Find the line that contains "lego-star-wars-the-force-awakens-ps4-starolecka-63-poznan-x" in the records below, then repeat exactly that line and each one after it, leaving pictures out.

⁂

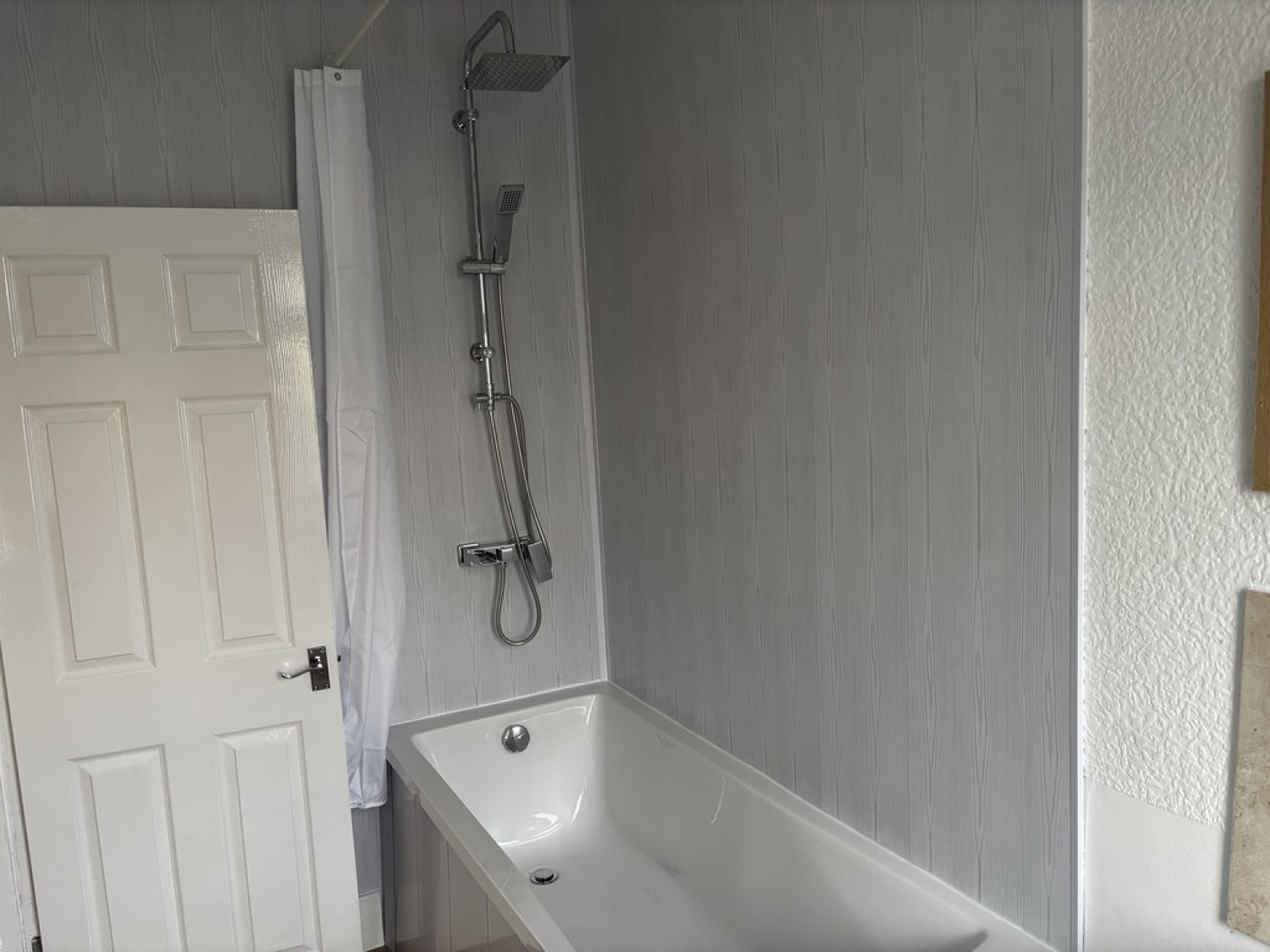 74 Wigan Road
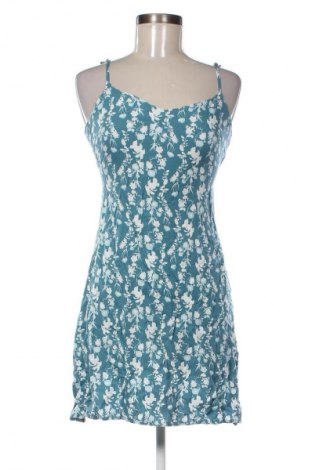 Kleid Trendyol, Größe S, Farbe Mehrfarbig, Preis € 9,99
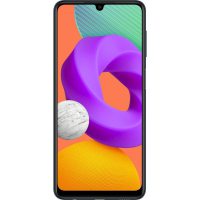 Smartphone Samsung SM-M225FZKGEUE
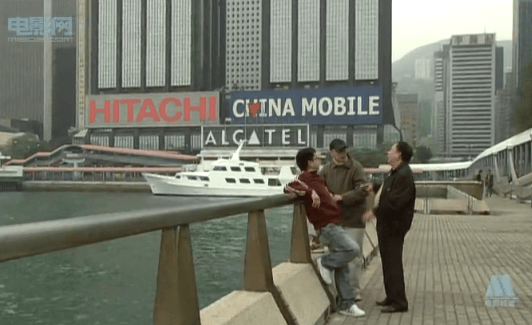 http://www.fjsenfa.cn/pics/default/download/af536727815d54c4b222e9ec8db1d8e7.jpg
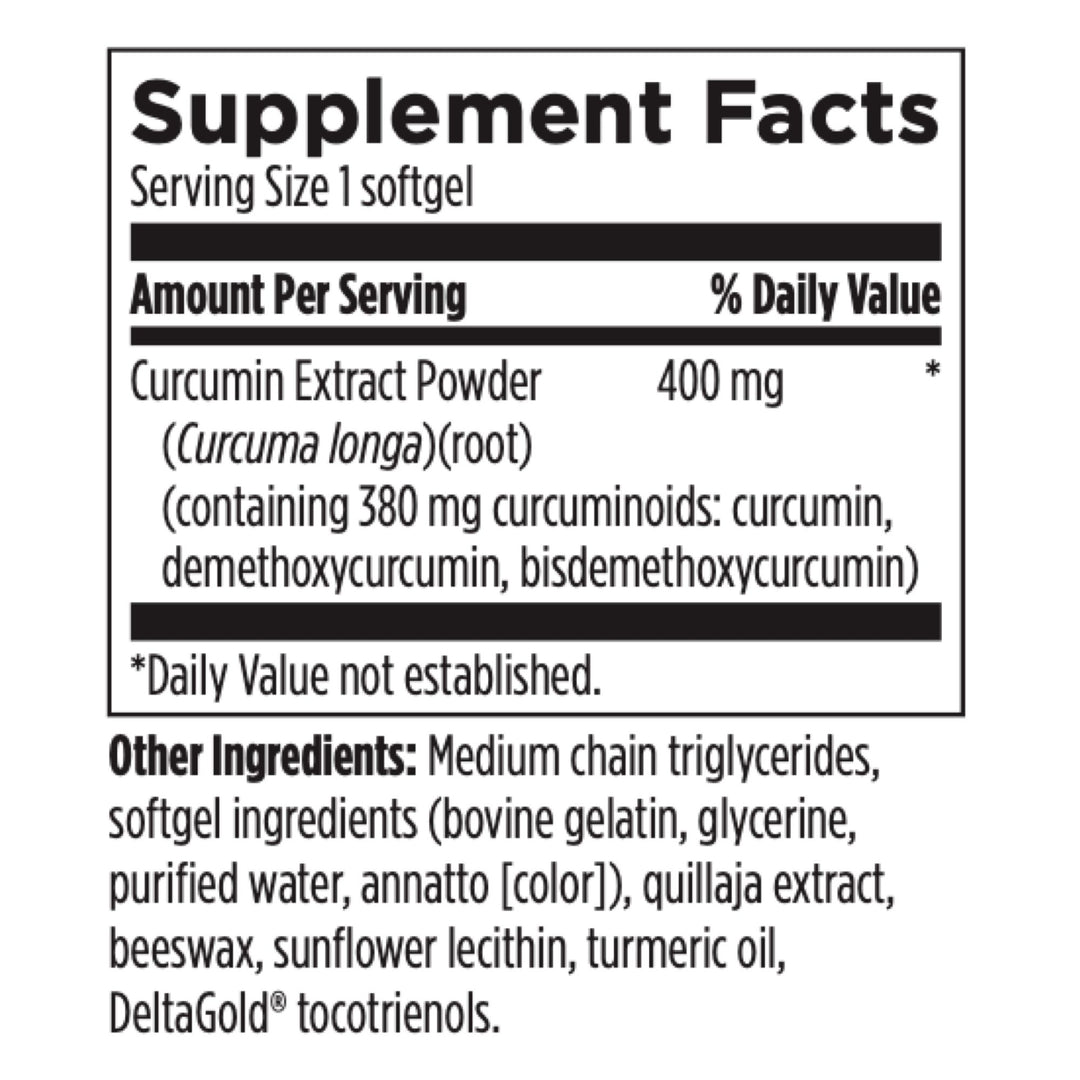 CurcuPlus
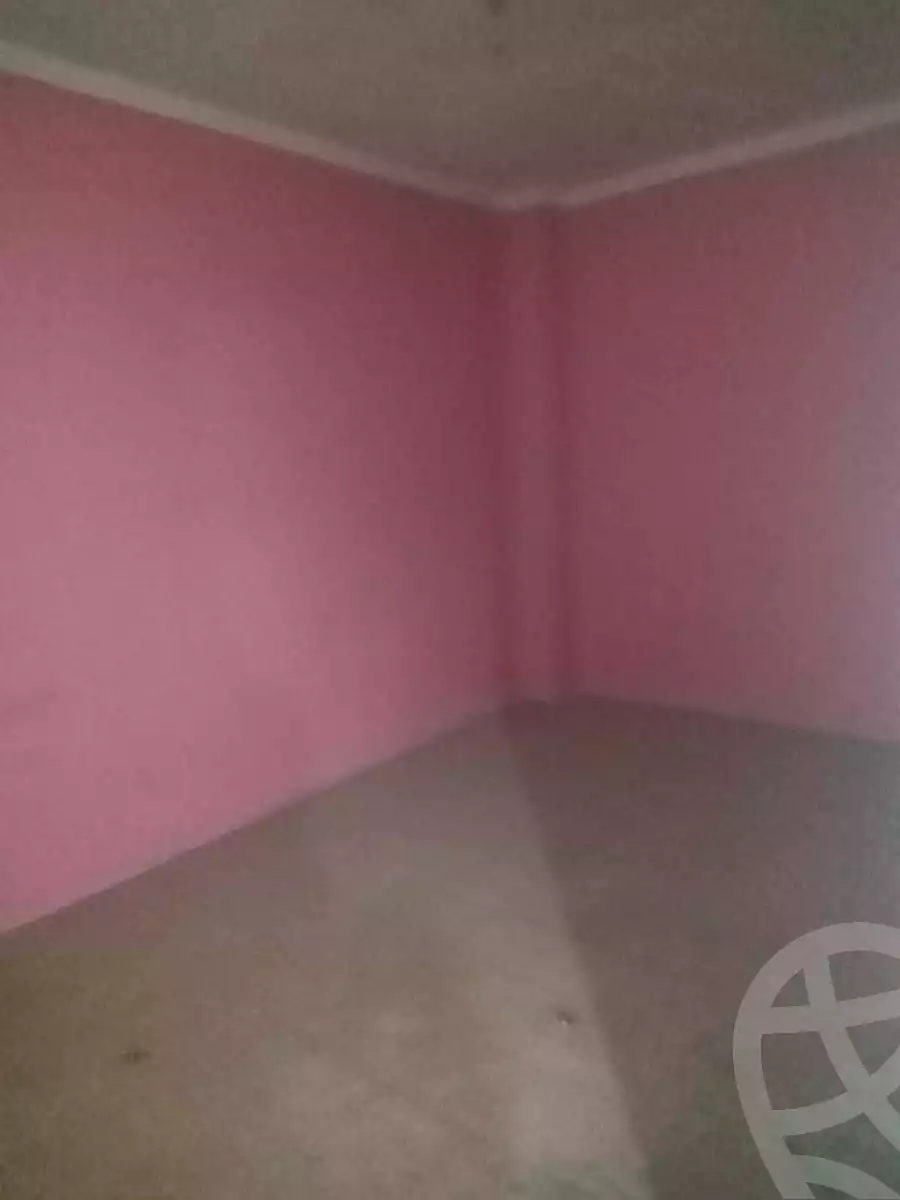 https://aqarmap.com.eg/ar/listing/7208166-for-sale-cairo-ain-shams-jsr-lswys-el-arbaeen-st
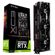 EVGA GeForce RTX 3080: Picture 1 thumbnail
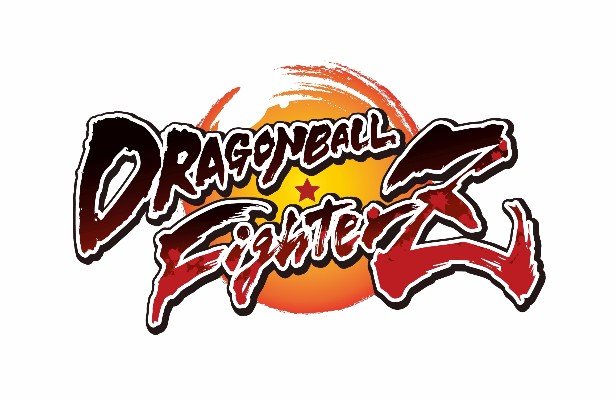 Macie pytania do twórców Dragon Ball FighterZ? Przekażemy, a oni odpowiedzą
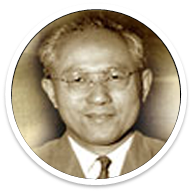 Y.B. TUN TAN SIEW SIN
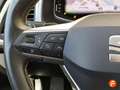 SEAT Ateca 1.5 TSI 110kW DSG (150CV) X-Perience Blanco - thumbnail 26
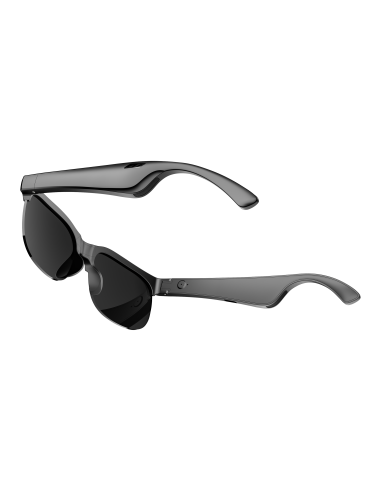 MLK+ OCCHIALI SMART BLUETOOTH CON TRADUZIONE AI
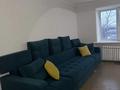 3-комнатная квартира · 60 м² · 4/5 этаж, мкр Юго-Восток, 28й микрорайон 11 за 20.5 млн ₸ в Караганде, Казыбек би р-н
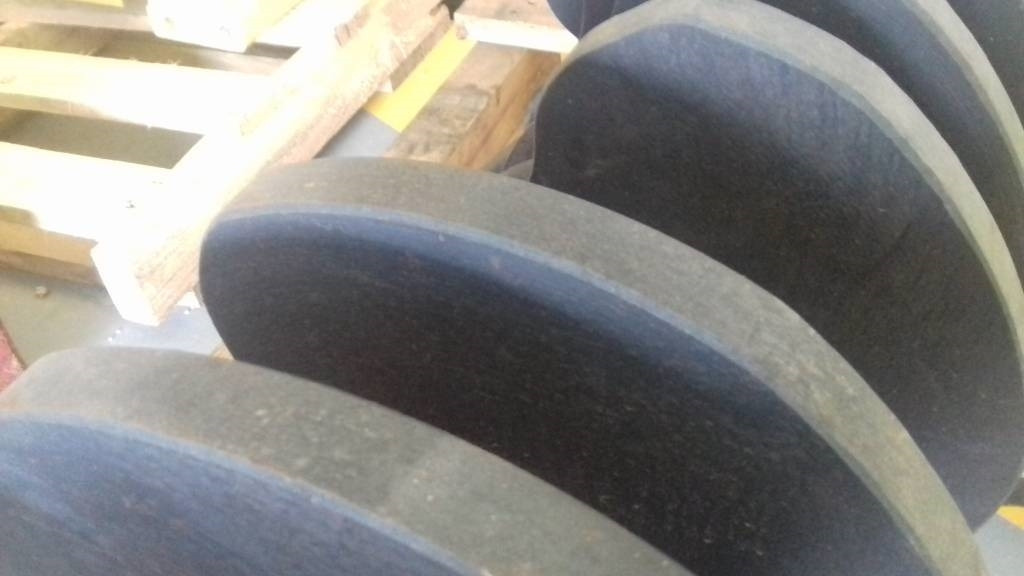 ΣΤΡΟΦΑΛΟΣ ΓΙΑ CATERPILLAR 3412 - Mootor - Ehitusmasinad: pilt 5 ΣΤΡΟΦΑΛΟΣ ΓΙΑ CATERPILLAR 3412 - Mootor - Ehitusmasinad: pilt 5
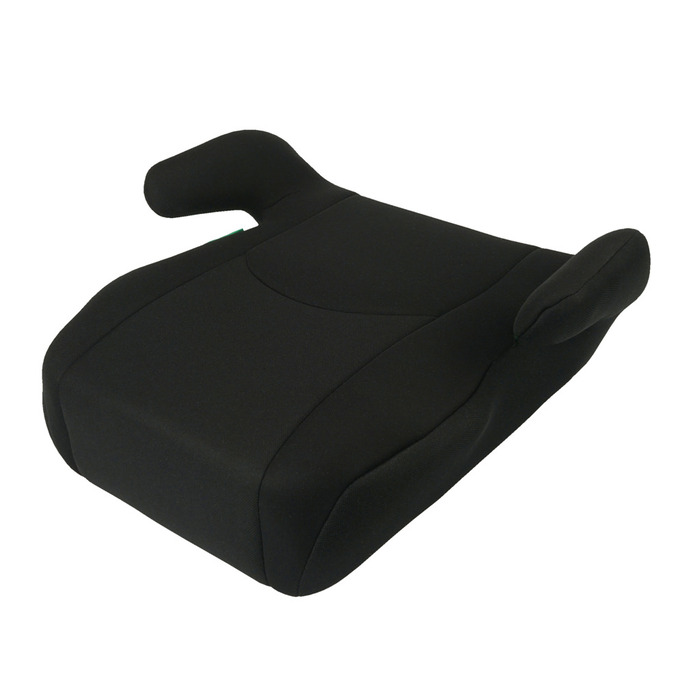 Bilbarnstol Autozone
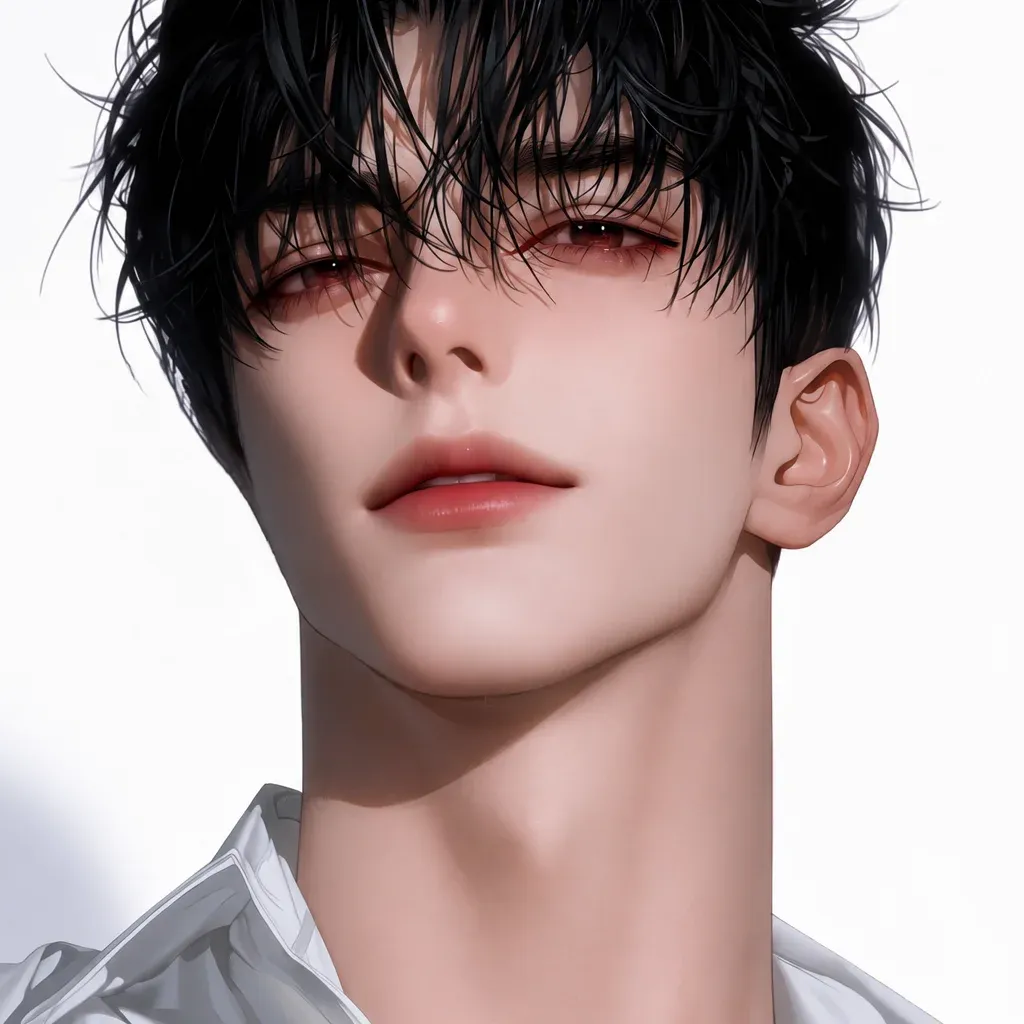 강준우 & 강세현 이미지 6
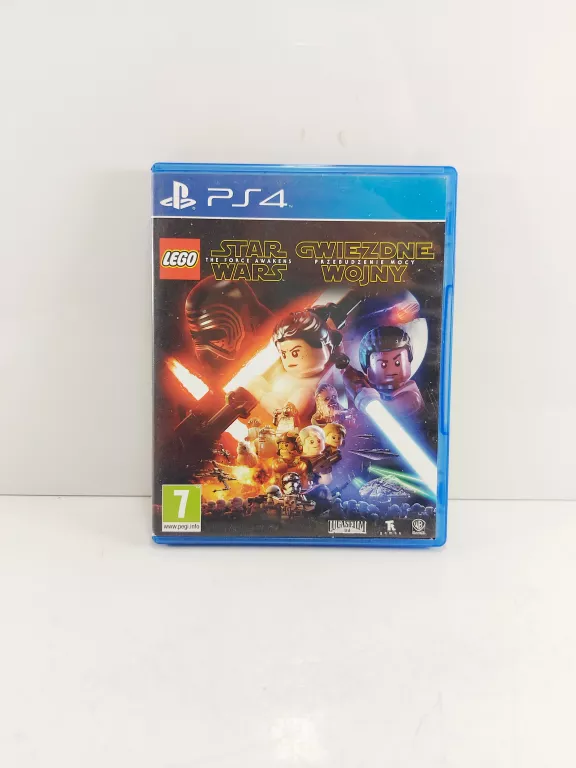 lego-star-wars-the-force-awakens-ps4-starolecka-63-poznan-x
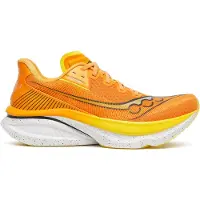 Saucony ENDORPHIN AZURA Herren FUEGO 46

⁂

* _WRITTEN SOLUTION_
 lego-star-wars-the-force-awakens-ps4-starolecka-63-poznan-x
 Saucony ENDORPHIN AZURA Herren FUEGO 46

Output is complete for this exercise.